The buyer has the right to continue the unpaid installments due without additional interest provided that the buyer
must pay within the grace period. The grace period provided is one month for every one year of installments paid.
The buyer has the right to opt for a refund of the installment payments being made (This includes the down payments,
deposits or options on the contract). The buyer is entitled to 50% refund from his total payments made. An additional of
5% refund per year for every 5 years.
If the buyer has paid less than two years installment:
The buyer has the right to continue his payments within a grace period of 60 days.
FULL TEXT OF MACEDA LAW:

REPUBLIC ACT NO. 6552 – REALTY INSTALLMENT BUYER PROTECTION ACTAN ACT TO PROVIDE PROTECTION TO
BUYERS OF REAL ESTATE ON INSTALLMENT PAYMENTS

Section 1. This Act shall be known as the “Realty Installment Buyer Act.”

Section 2. It is hereby declared a public policy to protect buyers of real estate on installment payments against onerous
and oppressive conditions.

Section 3. In all transactions or contracts involving the sale or financing of real estate on installment payments, including
residential condominium apartments but excluding industrial lots, commercial buildings and sales to tenants under
Republic Act Numbered Thirty-eight hundred forty-four, as amended by Republic Act Numbered Sixty-three hundred
eighty-nine, where the buyer has paid at least two years of installments, the buyer is entitled to the following rights in
case he defaults in the payment of succeeding installments:

(a) To pay, without additional interest, the unpaid installments due within the total grace period earned by him which is
hereby fixed at the rate of one month grace period for every one year of installment payments made: Provided, That this
right shall be exercised by the buyer only once in every five years of the life of the contract and its extensions, if any.

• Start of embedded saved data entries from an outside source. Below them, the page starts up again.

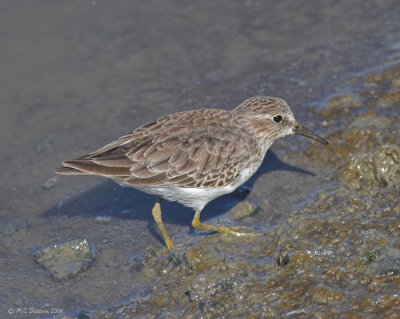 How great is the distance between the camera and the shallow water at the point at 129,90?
7.60m

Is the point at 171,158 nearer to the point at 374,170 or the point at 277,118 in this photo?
the point at 277,118

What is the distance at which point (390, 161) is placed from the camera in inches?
286

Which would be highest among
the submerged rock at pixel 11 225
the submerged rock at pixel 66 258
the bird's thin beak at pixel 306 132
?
the bird's thin beak at pixel 306 132

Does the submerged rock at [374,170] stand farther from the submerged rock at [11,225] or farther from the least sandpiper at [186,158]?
the submerged rock at [11,225]

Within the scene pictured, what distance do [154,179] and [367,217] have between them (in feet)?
8.40

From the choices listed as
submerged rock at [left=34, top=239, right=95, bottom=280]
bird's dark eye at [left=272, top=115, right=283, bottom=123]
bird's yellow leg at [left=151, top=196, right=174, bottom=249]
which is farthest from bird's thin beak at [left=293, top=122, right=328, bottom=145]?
submerged rock at [left=34, top=239, right=95, bottom=280]

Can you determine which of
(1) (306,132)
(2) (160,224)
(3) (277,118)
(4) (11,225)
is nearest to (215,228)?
(2) (160,224)

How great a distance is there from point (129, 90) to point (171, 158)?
387cm

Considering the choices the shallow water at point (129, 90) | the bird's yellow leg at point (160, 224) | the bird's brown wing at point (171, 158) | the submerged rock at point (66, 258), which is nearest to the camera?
the bird's brown wing at point (171, 158)

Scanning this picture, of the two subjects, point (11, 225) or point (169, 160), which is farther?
point (11, 225)

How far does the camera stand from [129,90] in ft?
34.6

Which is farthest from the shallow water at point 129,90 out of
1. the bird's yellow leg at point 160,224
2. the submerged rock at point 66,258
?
the bird's yellow leg at point 160,224

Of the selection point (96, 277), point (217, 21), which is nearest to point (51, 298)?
point (96, 277)

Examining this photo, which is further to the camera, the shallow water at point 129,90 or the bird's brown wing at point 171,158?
the shallow water at point 129,90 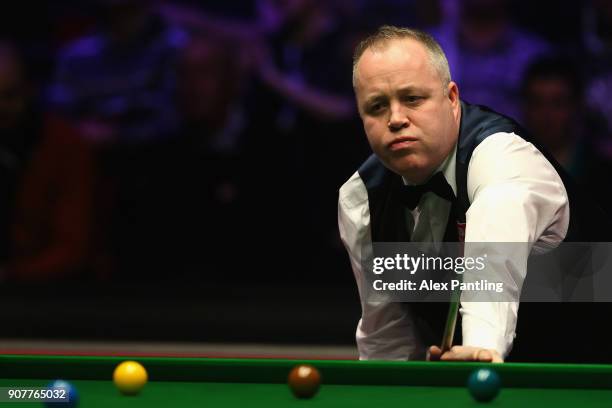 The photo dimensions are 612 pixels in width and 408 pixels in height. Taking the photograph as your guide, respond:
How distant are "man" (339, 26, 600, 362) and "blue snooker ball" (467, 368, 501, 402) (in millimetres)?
187

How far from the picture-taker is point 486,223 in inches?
83.1

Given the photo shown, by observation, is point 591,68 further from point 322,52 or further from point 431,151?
point 431,151

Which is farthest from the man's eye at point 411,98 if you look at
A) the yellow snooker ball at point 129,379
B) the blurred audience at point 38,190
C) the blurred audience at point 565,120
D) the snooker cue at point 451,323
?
the blurred audience at point 38,190

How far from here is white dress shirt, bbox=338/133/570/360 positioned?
2.08 meters

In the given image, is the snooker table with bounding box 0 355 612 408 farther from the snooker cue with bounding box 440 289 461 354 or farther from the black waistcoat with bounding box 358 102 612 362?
the black waistcoat with bounding box 358 102 612 362

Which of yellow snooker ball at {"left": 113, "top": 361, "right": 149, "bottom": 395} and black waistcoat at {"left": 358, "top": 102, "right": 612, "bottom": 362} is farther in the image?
black waistcoat at {"left": 358, "top": 102, "right": 612, "bottom": 362}

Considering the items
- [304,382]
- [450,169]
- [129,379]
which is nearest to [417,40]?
[450,169]

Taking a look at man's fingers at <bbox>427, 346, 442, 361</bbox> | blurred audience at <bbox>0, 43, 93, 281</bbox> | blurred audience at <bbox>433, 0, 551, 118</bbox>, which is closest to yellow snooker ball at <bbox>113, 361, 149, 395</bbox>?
man's fingers at <bbox>427, 346, 442, 361</bbox>

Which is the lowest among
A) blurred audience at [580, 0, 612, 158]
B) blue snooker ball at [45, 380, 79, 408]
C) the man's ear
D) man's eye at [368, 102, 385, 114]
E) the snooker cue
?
→ blue snooker ball at [45, 380, 79, 408]

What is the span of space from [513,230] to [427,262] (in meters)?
0.55

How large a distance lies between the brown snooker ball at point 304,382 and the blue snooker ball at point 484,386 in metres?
0.27

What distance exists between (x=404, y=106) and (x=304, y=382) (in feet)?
2.47

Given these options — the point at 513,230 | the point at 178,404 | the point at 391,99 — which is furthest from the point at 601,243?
the point at 178,404

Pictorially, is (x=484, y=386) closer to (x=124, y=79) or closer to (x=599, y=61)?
(x=599, y=61) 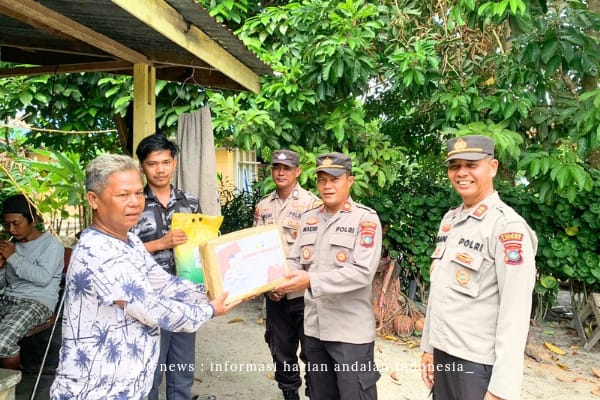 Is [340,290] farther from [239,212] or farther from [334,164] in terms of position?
[239,212]

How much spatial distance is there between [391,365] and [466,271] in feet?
9.52

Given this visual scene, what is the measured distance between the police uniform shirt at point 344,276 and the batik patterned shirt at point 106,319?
86 cm

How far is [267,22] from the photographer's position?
490 cm

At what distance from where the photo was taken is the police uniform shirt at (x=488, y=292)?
73.7 inches

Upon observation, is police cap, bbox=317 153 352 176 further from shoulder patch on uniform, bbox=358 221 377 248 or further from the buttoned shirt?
the buttoned shirt

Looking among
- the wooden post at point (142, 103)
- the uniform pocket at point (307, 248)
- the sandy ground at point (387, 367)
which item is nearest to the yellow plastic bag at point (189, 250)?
the uniform pocket at point (307, 248)

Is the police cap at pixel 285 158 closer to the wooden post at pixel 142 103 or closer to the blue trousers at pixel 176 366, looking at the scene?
the wooden post at pixel 142 103

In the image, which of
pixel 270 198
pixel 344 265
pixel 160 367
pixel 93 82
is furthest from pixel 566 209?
pixel 93 82

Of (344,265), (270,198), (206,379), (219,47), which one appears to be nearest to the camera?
(344,265)

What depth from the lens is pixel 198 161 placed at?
3738 mm

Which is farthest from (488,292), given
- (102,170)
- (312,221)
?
(102,170)

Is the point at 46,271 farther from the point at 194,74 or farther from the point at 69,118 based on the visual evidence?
the point at 69,118

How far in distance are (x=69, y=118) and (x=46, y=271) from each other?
272 centimetres

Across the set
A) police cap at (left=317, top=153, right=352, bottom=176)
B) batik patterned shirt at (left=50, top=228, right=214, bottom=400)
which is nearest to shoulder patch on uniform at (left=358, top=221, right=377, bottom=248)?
police cap at (left=317, top=153, right=352, bottom=176) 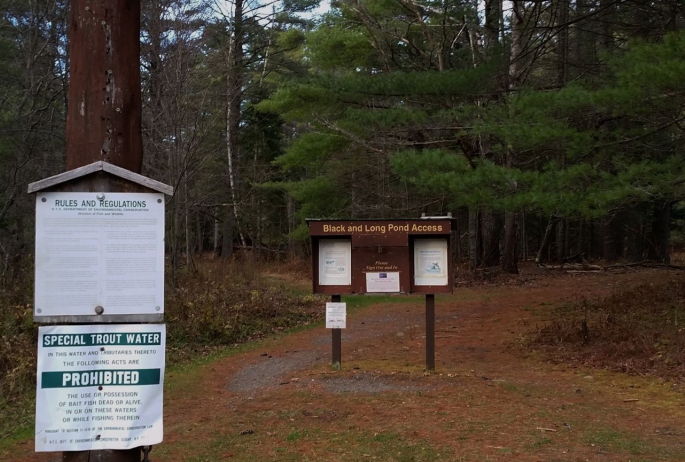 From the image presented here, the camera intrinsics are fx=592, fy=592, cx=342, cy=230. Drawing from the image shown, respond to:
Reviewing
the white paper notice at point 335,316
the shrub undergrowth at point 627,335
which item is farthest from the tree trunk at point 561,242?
the white paper notice at point 335,316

(b) If the contract is cancelled, the seller shall refund to the buyer the cash surrender value of the payments on the
property equivalent to fifty per cent of the total payments made, and, after five years of installments, an additional five
per cent every year but not to exceed ninety per cent of the total payments made: Provided, That the actual cancellation
of the contract shall take place after thirty days from receipt by the buyer of the notice of cancellation or the demand
for rescission of the contract by a notarial act and upon full payment of the cash surrender value to the buyer.

Down payments, deposits or options on the contract shall be included in the computation of the total number of
installment payments made.

Section 4. In case where less than two years of installments were paid, the seller shall give the buyer a grace period of
not less than sixty days from the date the installment became due.

If the buyer fails to pay the installments due at the expiration of the grace period, the seller may cancel the contract
after thirty days from receipt by the buyer of the notice of cancellation or the demand for rescission of the contract by a
notarial act.

Section 5. Under Section 3 and 4, the buyer shall have the right to sell his rights or assign the same to another person or
to reinstate the contract by updating the account during the grace period and before actual cancellation of the contract.
The deed of sale or assignment shall be done by notarial act.

Section 6. The buyer shall have the right to pay in advance any installment or the full unpaid balance of the purchase
price any time without interest and to have such full payment of the purchase price annotated in the certificate of title
covering the property.

Section 7. Any stipulation in any contract hereafter entered into contrary to the provisions of Sections 3, 4, 5 and 6, shall
be null and void.

Section 8. If any provision of this Act is held invalid or unconstitutional, no other provision shall be affected thereby.

Section 9. This Act shall take effect upon its approval.